“La vida es tremenda.”
Ciudad Sandino, Nicaragua, 2011.
Doña Lesbia, my host mother, and I are sitting on plastic chairs on the front porch, reading newspapers, and eating cubes of watermelon from a bowl.
At some point Doña Lesbia says to me, “mira” and points across the street. At the other side of the street a strange looking animal, dark, bone skinny, and with a head that seemed too large. It’s a stray pig, which, it should be noted, is a highly unusual thing. Most people would be happy to have a pig to feed and raise to be nice and big to sell or to slaughter. A pig’s a good investment. How this pig came to be the only stray and starving pig in Ciudad Sandino is a mystery.
Doña Lesbia is watching him intently. “Pobrecito, anda buscando comida,” she says quietly. (“Poor guy, he’s looking for food.” I’m translating “pobrecito” as “poor guy” which is more or less the idea, but there’s no translation for how it sounds when it’s used by a middle-aged Nicaraguan women to refer to a stray pig that she’s concerned about.) She goes to the kitchen and comes back with the rinds of the watermelon that we have been eating. She unlatches the gate between us and the street, steps out and throws the rinds in the general direction of the pig. The pig quickly approaches the rind and begins eat them hungrily.

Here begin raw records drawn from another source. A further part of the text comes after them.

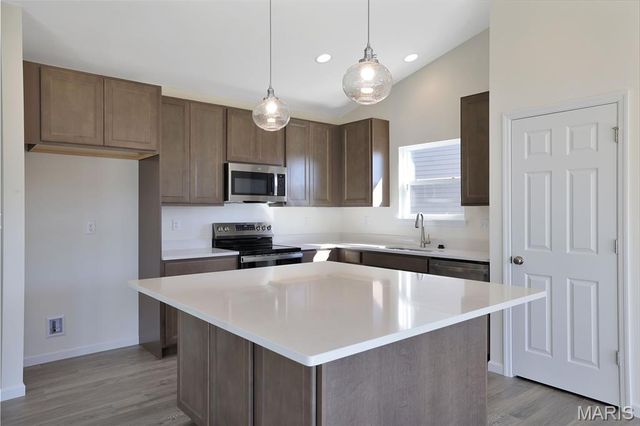 416 Silver Fox Court, Eureka, MO 63025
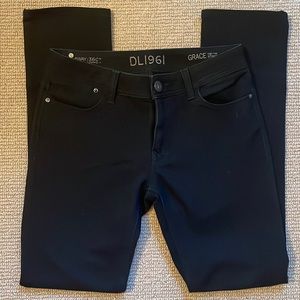 DL1961 Grace High-Rise Straight Leg Jeans in Onyx Size 28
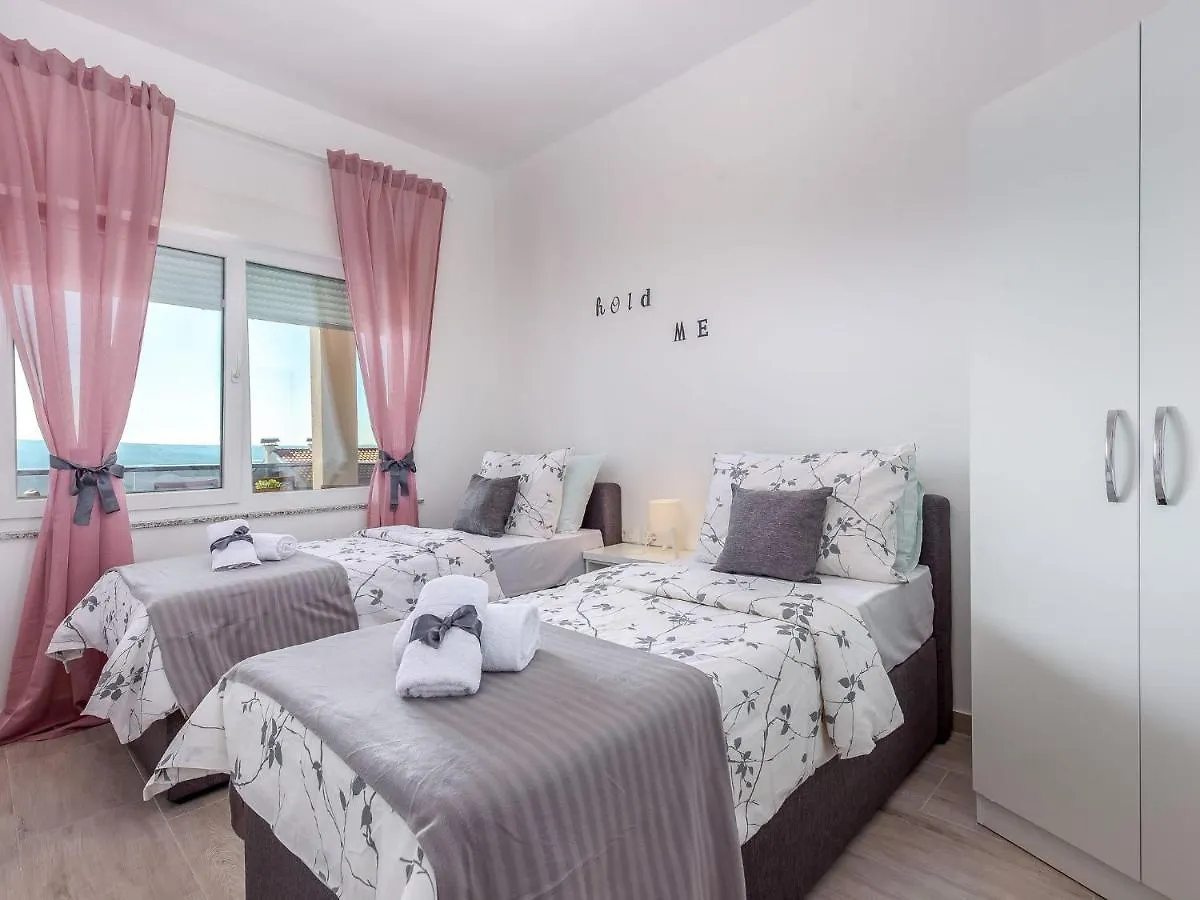 Chic Villa In Dramalj At Sea 0*,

As Doña Lesbia watches the pig eat she bursts in to laughter.
About Doña Lesbia’s laughter: It’s a force. It’s overwhelming and beautiful. It makes other people laugh even when they don’t think what she’s laughing at is funny. And she laughs all the time. It’s awesome. I can’t properly explain. You would have to meet her.
As she makes her way back to her chair she talks through her laughter about how most people want to feed their pigs well to fatten them up, but since this pig doesn’t belong to anyone, no one wants to feed it. She thinks it’s hysterical. She sits down and laughs some more. As her laughter passes she sighs and says, “Ay, Owencito, la vida es tremenda.”
La vida es tremenda. In my head I like to just translate it as “life is big.”
To be honest, when I first saw that the theme for the class this past weekend was gratitude, I was just annoyed. I haven’t felt very grateful recently. I’ve felt frustrated with where I work. I’ve felt lonely. I’ve felt stuck. I’ve felt enraged as read more and more names of black people killed by police. So when I tried to write about gratitude, I couldn’t find a way in, and I gave up. Then, earlier today I thought of this story. I don’t know why. It happened almost four years ago now. It’s one of my favorite stories that ever happened to me, but I don’t think I’ve thought about it in about a year.
La vida es tremenda. It isn’t even a statement of gratitude. The word “tremenda” as I’ve heard it used can have a connotation ranging from neutral to really negative. A bad storm can be tremenda or even a mischievous child. But I don’t think Doña Lesbia meant it in that way, not with how she was laughing. I think she was making a statement of awe. La vida es tremenda. Life is big.
I think, even when I find it hard to exercise gratitude, this sense of awe rings true. La vida es tremenda. Maybe it is a way into gratitude.